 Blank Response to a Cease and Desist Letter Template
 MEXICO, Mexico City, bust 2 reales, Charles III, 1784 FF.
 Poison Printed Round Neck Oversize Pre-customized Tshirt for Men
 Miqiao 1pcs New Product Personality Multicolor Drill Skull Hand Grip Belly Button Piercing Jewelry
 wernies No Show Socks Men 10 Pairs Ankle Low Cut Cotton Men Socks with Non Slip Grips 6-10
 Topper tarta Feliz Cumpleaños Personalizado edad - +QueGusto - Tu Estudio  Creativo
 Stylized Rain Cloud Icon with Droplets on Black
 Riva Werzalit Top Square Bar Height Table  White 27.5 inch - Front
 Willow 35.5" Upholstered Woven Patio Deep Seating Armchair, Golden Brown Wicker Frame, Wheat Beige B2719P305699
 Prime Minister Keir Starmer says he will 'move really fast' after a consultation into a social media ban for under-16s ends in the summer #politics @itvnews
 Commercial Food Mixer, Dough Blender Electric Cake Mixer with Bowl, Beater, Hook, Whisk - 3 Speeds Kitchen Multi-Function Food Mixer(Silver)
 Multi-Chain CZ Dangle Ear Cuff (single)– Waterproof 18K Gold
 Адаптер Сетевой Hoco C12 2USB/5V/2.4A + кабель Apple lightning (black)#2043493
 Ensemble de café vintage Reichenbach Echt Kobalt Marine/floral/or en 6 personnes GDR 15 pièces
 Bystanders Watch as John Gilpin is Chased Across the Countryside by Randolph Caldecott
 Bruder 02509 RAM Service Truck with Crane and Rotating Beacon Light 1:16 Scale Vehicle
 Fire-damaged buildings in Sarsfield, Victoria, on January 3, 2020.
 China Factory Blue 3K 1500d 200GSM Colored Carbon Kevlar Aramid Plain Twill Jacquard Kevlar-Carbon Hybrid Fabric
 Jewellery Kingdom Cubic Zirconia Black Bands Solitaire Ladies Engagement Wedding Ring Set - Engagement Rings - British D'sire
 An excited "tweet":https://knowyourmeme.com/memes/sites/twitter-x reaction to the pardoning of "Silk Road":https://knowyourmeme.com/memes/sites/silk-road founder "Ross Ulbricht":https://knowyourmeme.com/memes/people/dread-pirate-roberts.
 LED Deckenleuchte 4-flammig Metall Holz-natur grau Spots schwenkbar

▶ _EXERCISE PROMPT_: Every line above that holds the string "with" should be returned.

▶ _ANSWER FOR THIS EXERCISE_:
 wernies No Show Socks Men 10 Pairs Ankle Low Cut Cotton Men Socks with Non Slip Grips 6-10
 Stylized Rain Cloud Icon with Droplets on Black
 Commercial Food Mixer, Dough Blender Electric Cake Mixer with Bowl, Beater, Hook, Whisk - 3 Speeds Kitchen Multi-Function Food Mixer(Silver)
 Bruder 02509 RAM Service Truck with Crane and Rotating Beacon Light 1:16 Scale Vehicle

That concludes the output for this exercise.